Destination marketing a community is more complicated than marketing a specific business or organization.
Community destination marketing organizations (DMOs) such as those I managed are intermediaries. They have no control over the communities they market requiring that a lot of time be spent cajoling stakeholder businesses, strategic partners and officials to align.
Few, if any, of these stakeholders have any clue about marketing let alone sense of place, but usually they think they do, making alignment far more complicated than it may sound and a never-ending process.
And you thought herding cats was difficult.
Residents are the ultimate internal stakeholders for a DMO, especially those who are passionate about their community, but if they only knew that the greatest obstacles to marketing a community comes from those they assume would be the first to get on board.
Workplace skills needed for community marketing range far beyond what people think of as marketing including analytics, project management, technology, strategy-making, critical thinking and organizational behavior, to name a handful.
Also required is a working knowledge of areas such as archeology, history, physiography, consumer psychology, geology, financing, culture, ecosystems and authenticity.
Just in the first 18 months after I retired more than five years ago in late 2009, skills needed in the workplace increased more than 400% from 178 to 924.
This is also why experts see the future of higher education including periods of intensive competency-based education and re-education while in the workforce, something my last organization began to provide to staff with an online program in 2005.
Each employee was able to take up to 20 courses annually selecting from over 3,000 titles, each followed by an online test to demonstrate competency.
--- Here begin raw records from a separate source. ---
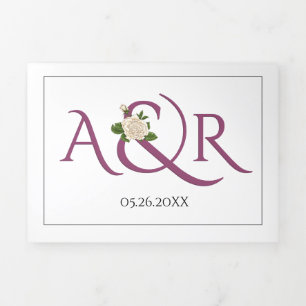 Cassis purple initials and ampersand, rose wedding Tri-Fold invitation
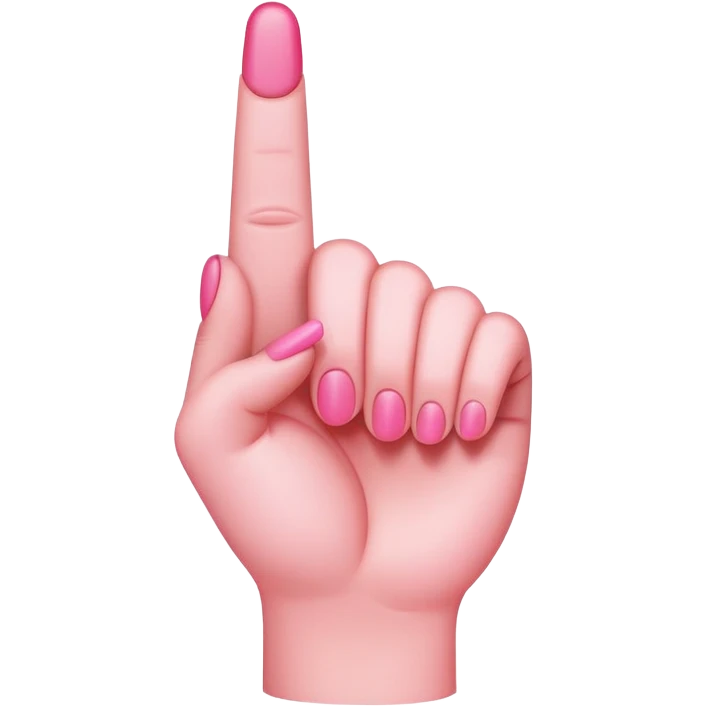 Pink middle finger emoji
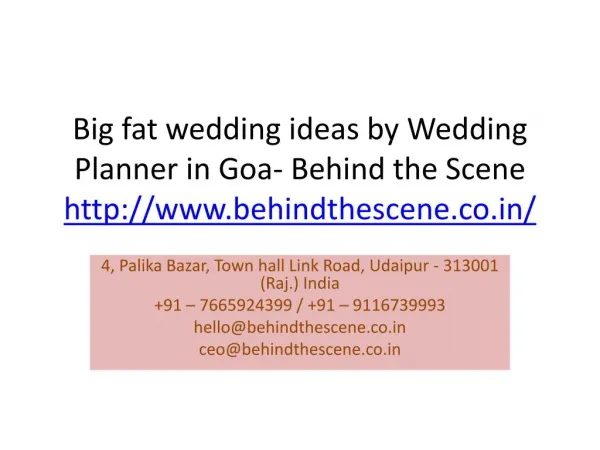 Big fat wedding ideas by Wedding Planner in Goa- behind the Scene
But supervisors and direct reports selected some courses in support of specific roles that could be taken during the workday.
The inability to adapt to this need for competency-based workplace education is what led disruptive innovation guru Dr. Clayton Christensen a few years ago to predict that within 15 years, half of the universities and colleges in America could be in bankruptcy.
He didn’t mean that the need for traditional higher education will decline but that the way it will be accessed is rapidly shifting in a way that may leave thousands of smaller colleges as well as many state institution behind.
A leader in this movement to competency-based education for students already in the workforce is Westminster College, a few blocks from where my daughter and grandsons live.
Another is Southern New Hampshire University which redesigned its entire business administration program into modules that provide an innovative, competency-based, three year bachelor’s degree but this is all a topic for another essay.
A litmus test I often used to quickly detect how much someone really knew about marketing a community is if they still lobbied for mass marketing such as traditional print, radio and television, dating them by at least three decades.
That’s when, as research shows, marketing shifted away from how many eyeballs you reached to reaching the right eyeballs, not by “shouting” to get attention with traditional ads but earning attention through astute “content marketing.”
Long ago, reaching just the right consumers right at the time when they wanted the information through tools such as search engine optimization and Google adwords transcended traditional advertising.
Savvy marketers today understand that 20% of their efforts produce 80% of their results and similarly 20% of their customers or prospects represent 80% of their success.
The fact that I came early to this awareness in my forty year career is due to listening to astute elders in destination marketing who understood how fast things were changing.
The challenge in marketing is to cast more and more narrowly in order to zero in on the most likely and highly engaged prospects - without interrupting them - until they are seeking information to make a decision and it is clear your destination or product is what they want.
Now, according to studies, marketers are investing in “retargeting” or re-engaging users who have already accessed content about a destination or product via an app or mobile website. Research shows that for every $1 invested in retargeting there is an incremental increase of $4 in sales.
It works best when focused on prospects who are already engaged. A mistake many marketers make is viewing it as “missionary” work when at its very essence; it is more like gardening than hunting, more cultivating engagement than casting nets.
For retargeting to work, you need engagement and that begins with great content that zeroes in on what marketing intelligence (research) has identified as traits of greatest appeal to a specific audience. Even more importantly, you must be willing to accept that your product isn’t for everyone and stop “yelling” to get attention such as with billboards.
The key objective to content marketing, which began its transcendence three decades ago, is to provide something of value focused around differentiation.
A form of retargeting can be seen in action when you leave a website to search another related to the same objective and an ad pops up with the opportunity to return to a deeper link on the earlier site.
The percentage of marketers overall that spend up to 50% on retargeting has doubled in the last year. Nearly three-quarters (71%) of marketers spend between 10 to 50% of their digital marketing budgets on retargeting.
As marketing has been for more than three decades now, segmentation of those who access marketing content is at the core of retargeting.
Retargeting will be more of a challenge for community marketing organizations (DMOs) because they are intermediaries. The actual transactions take place with stakeholder businesses and organizations but it can be done.
As one chief marketing officer, Adam Berke, noted recently, marketing placement has evolved from “guess and check” to real-time programmatic campaigns that leverage engagement to ROI.
So the next time you pass by a community still using traditional media such as outdoor billboards, wave hello to a real live “dinosaur.”
Also certain is that as much as I appear to keep up with destination marketing since retirement, I became a “dinosaur” the day I walked out the door.
The same can be said for today’s college graduates. A degree is just the beginning of a lifetime of learning.